Omit the pictures while printing every entry below exactly as given.

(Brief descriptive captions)
#####

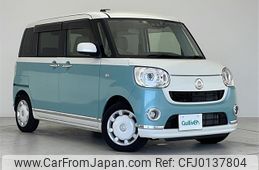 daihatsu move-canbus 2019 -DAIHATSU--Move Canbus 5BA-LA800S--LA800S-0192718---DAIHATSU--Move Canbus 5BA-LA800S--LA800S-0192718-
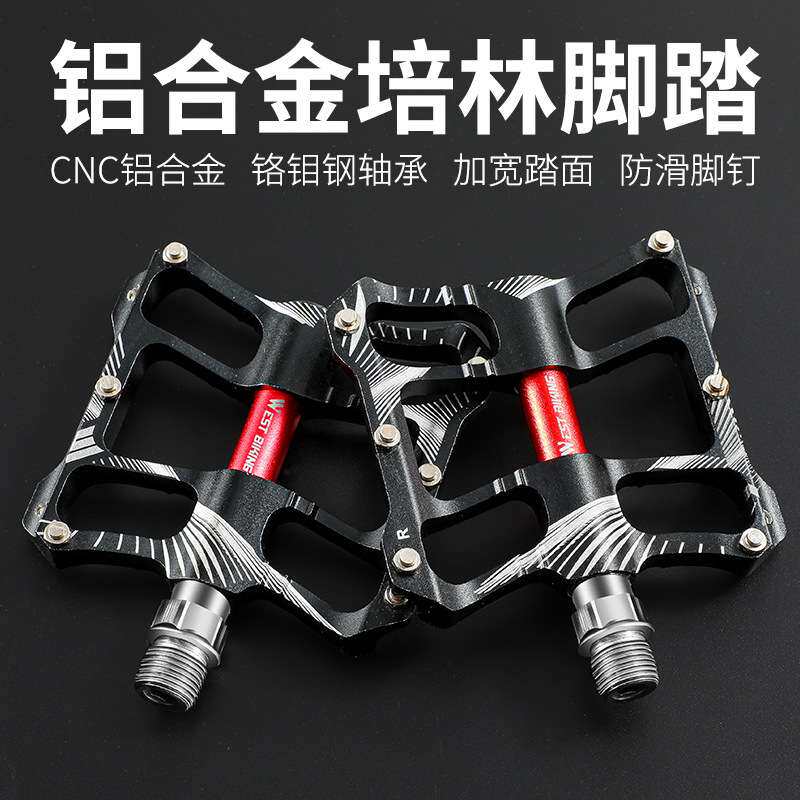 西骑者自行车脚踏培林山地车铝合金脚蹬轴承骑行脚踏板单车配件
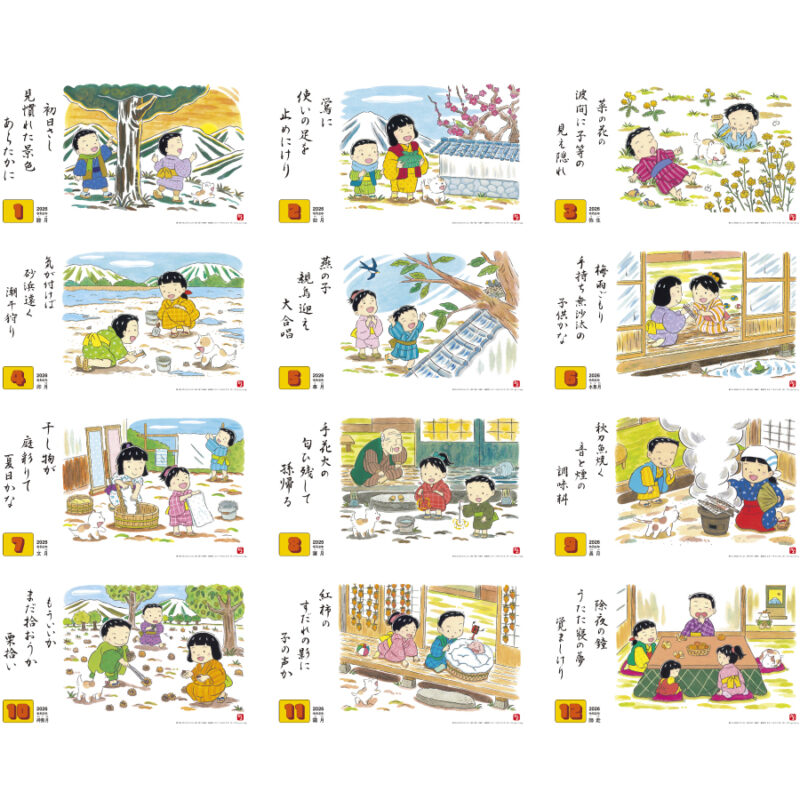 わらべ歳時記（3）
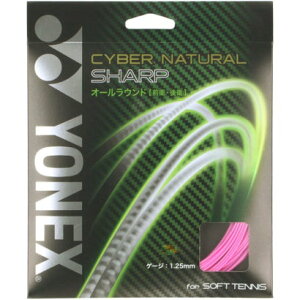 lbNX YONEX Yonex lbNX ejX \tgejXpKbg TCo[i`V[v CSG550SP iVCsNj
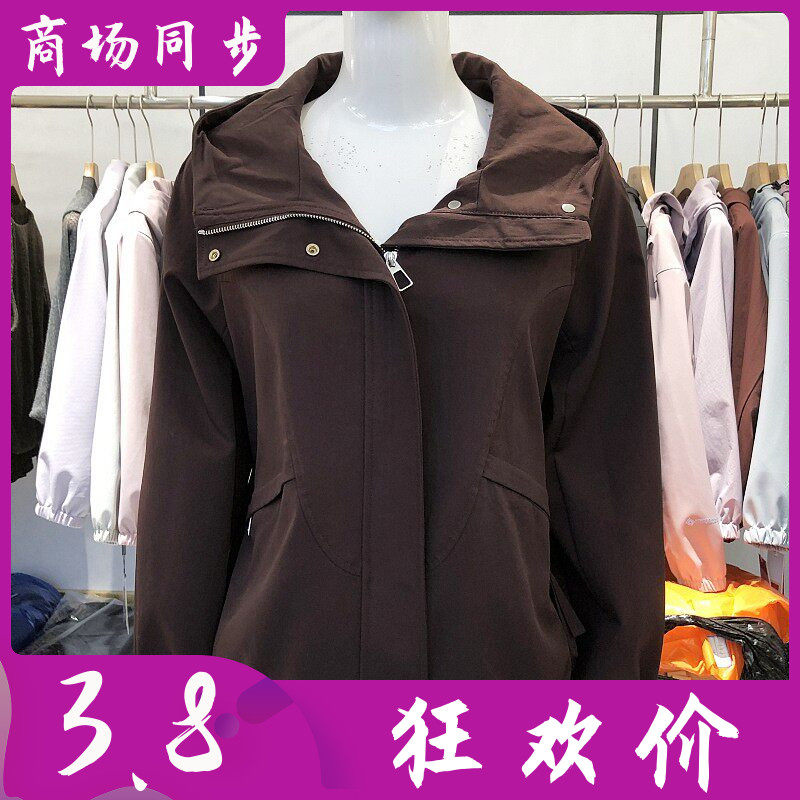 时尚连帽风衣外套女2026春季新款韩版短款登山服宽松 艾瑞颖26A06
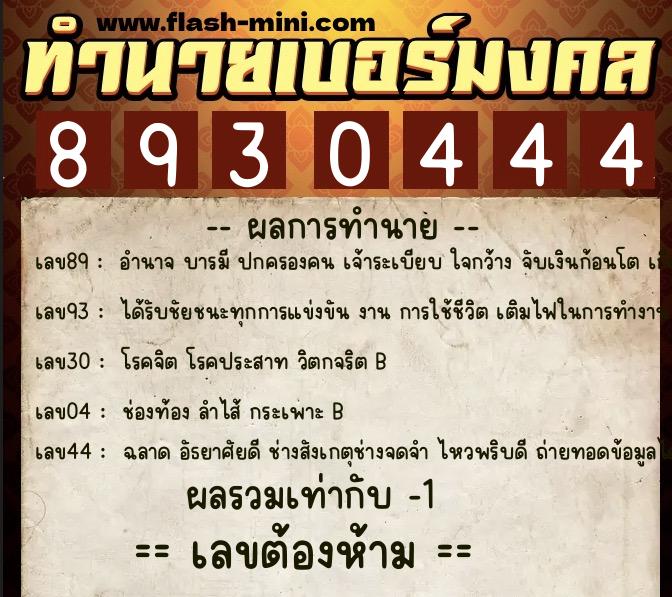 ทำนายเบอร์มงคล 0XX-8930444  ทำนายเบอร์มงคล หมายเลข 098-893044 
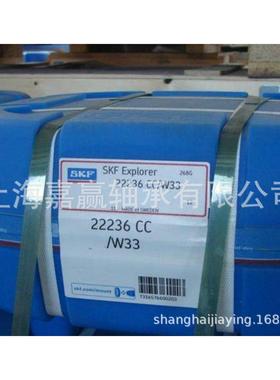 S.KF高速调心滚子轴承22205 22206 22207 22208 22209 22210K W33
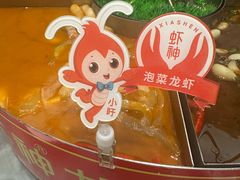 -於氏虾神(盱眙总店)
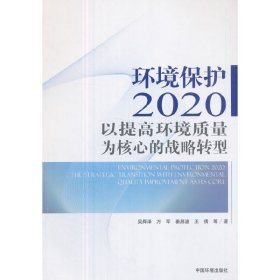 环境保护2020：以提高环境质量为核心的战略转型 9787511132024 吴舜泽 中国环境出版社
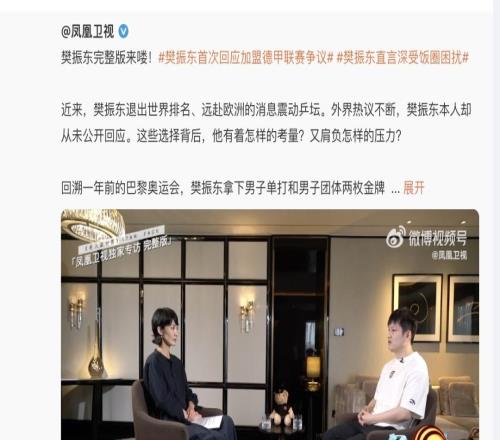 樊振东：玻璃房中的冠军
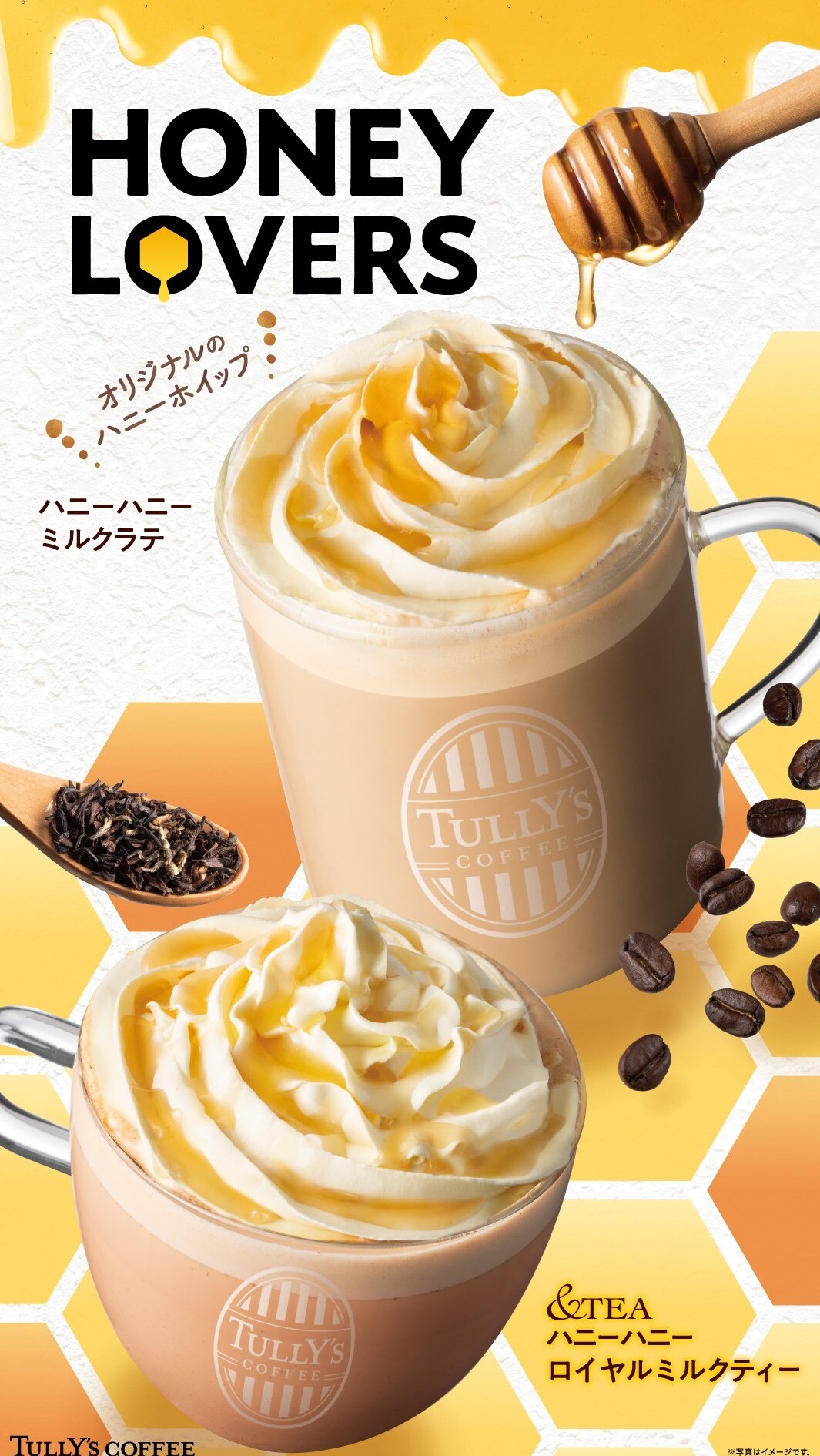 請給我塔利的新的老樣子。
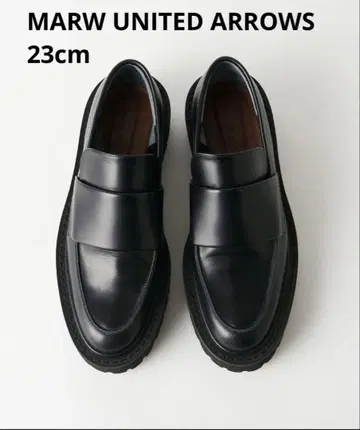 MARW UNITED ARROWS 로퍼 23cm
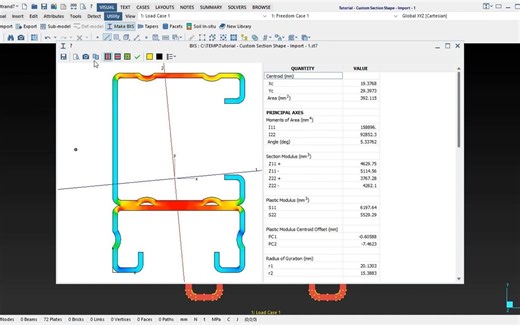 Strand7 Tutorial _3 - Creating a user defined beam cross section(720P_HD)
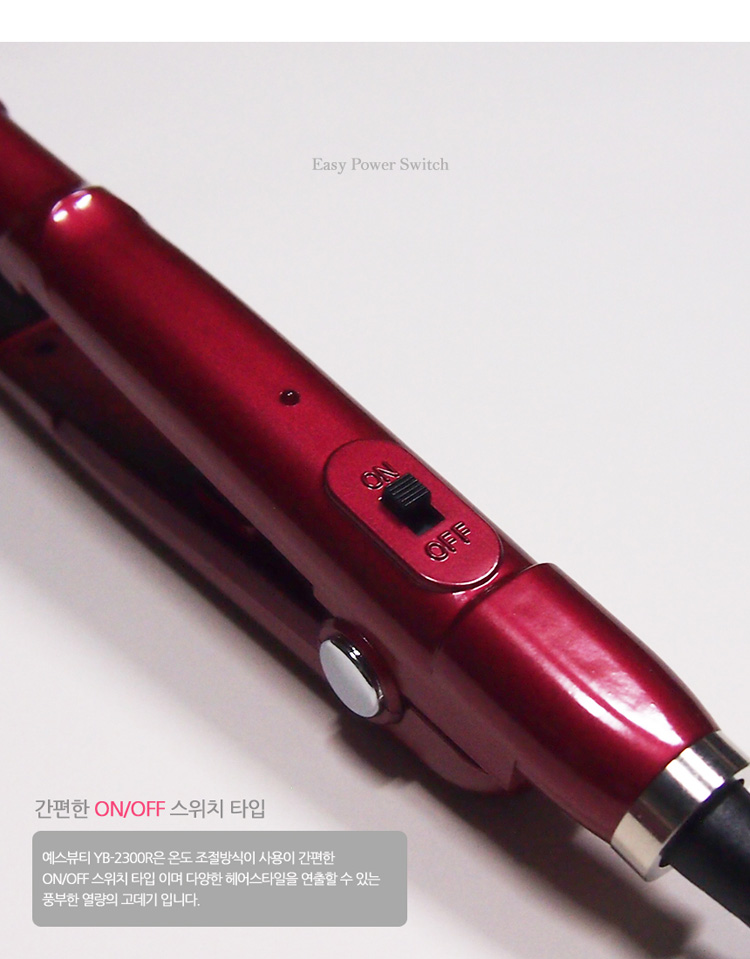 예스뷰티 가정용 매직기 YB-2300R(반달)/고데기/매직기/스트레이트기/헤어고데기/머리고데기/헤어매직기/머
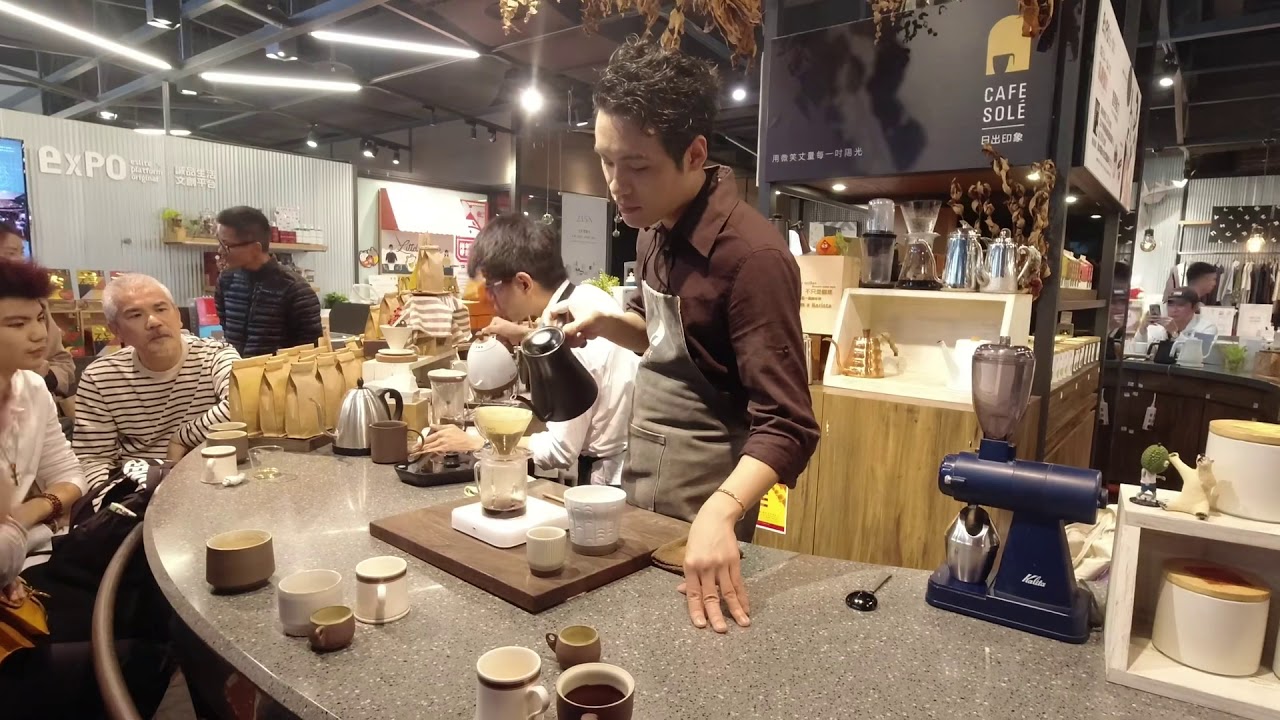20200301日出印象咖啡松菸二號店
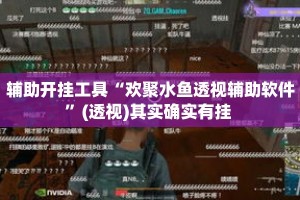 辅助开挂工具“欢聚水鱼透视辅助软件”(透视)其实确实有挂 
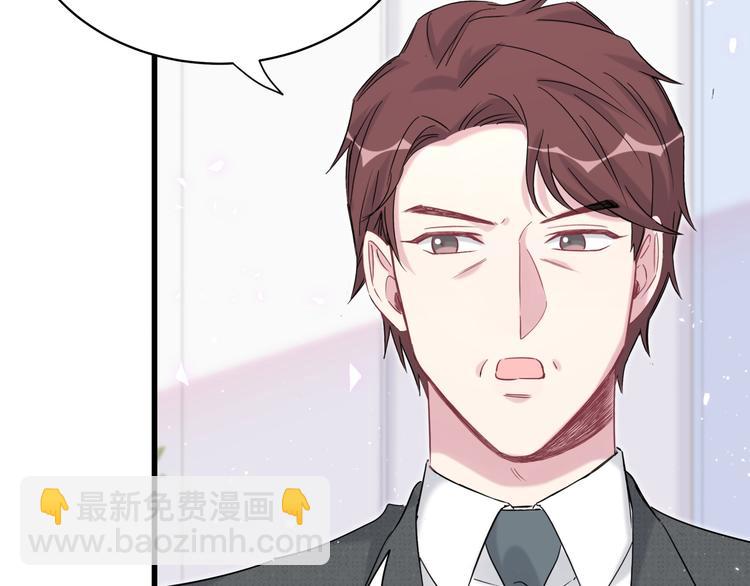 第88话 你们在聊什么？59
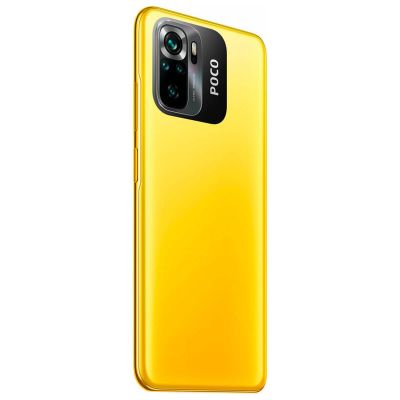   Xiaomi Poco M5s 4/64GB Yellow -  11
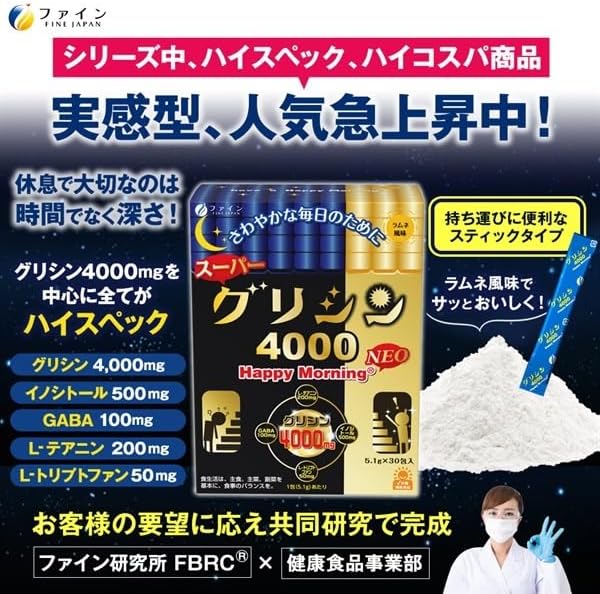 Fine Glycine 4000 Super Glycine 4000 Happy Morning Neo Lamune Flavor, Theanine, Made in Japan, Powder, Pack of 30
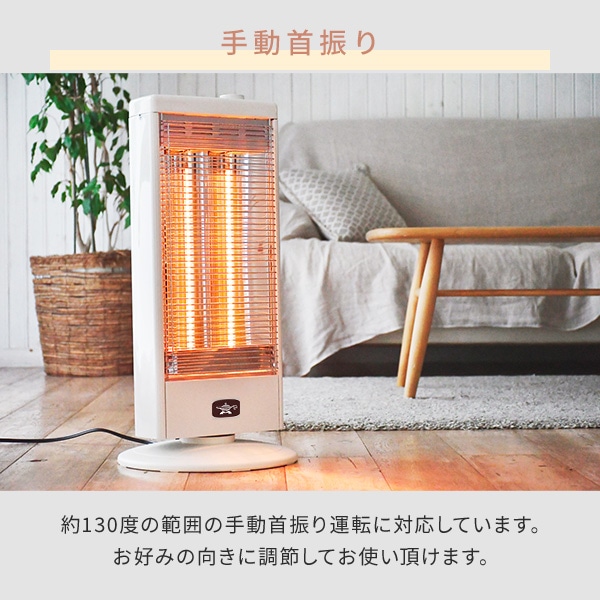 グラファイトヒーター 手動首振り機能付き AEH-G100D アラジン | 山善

#####

• **TASK OUTPUT**:
 daihatsu move-canbus 2019 -DAIHATSU--Move Canbus 5BA-LA800S--LA800S-0192718---DAIHATSU--Move Canbus 5BA-LA800S--LA800S-0192718-
 西骑者自行车脚踏培林山地车铝合金脚蹬轴承骑行脚踏板单车配件
 わらべ歳時記（3）
 lbNX YONEX Yonex lbNX ejX \tgejXpKbg TCo[i`V[v CSG550SP iVCsNj
 时尚连帽风衣外套女2026春季新款韩版短款登山服宽松 艾瑞颖26A06
 ทำนายเบอร์มงคล 0XX-8930444  ทำนายเบอร์มงคล หมายเลข 098-893044 
 S.KF高速调心滚子轴承22205 22206 22207 22208 22209 22210K W33
 -於氏虾神(盱眙总店)
 环境保护2020：以提高环境质量为核心的战略转型 9787511132024 吴舜泽 中国环境出版社
 樊振东：玻璃房中的冠军
 請給我塔利的新的老樣子。
 MARW UNITED ARROWS 로퍼 23cm
 Strand7 Tutorial _3 - Creating a user defined beam cross section(720P_HD)
 예스뷰티 가정용 매직기 YB-2300R(반달)/고데기/매직기/스트레이트기/헤어고데기/머리고데기/헤어매직기/머
20200301日出印象咖啡松菸二號店
 辅助开挂工具“欢聚水鱼透视辅助软件”(透视)其实确实有挂 
 第88话 你们在聊什么？59
   Xiaomi Poco M5s 4/64GB Yellow -  11
 Fine Glycine 4000 Super Glycine 4000 Happy Morning Neo Lamune Flavor, Theanine, Made in Japan, Powder, Pack of 30
 グラファイトヒーター 手動首振り機能付き AEH-G100D アラジン | 山善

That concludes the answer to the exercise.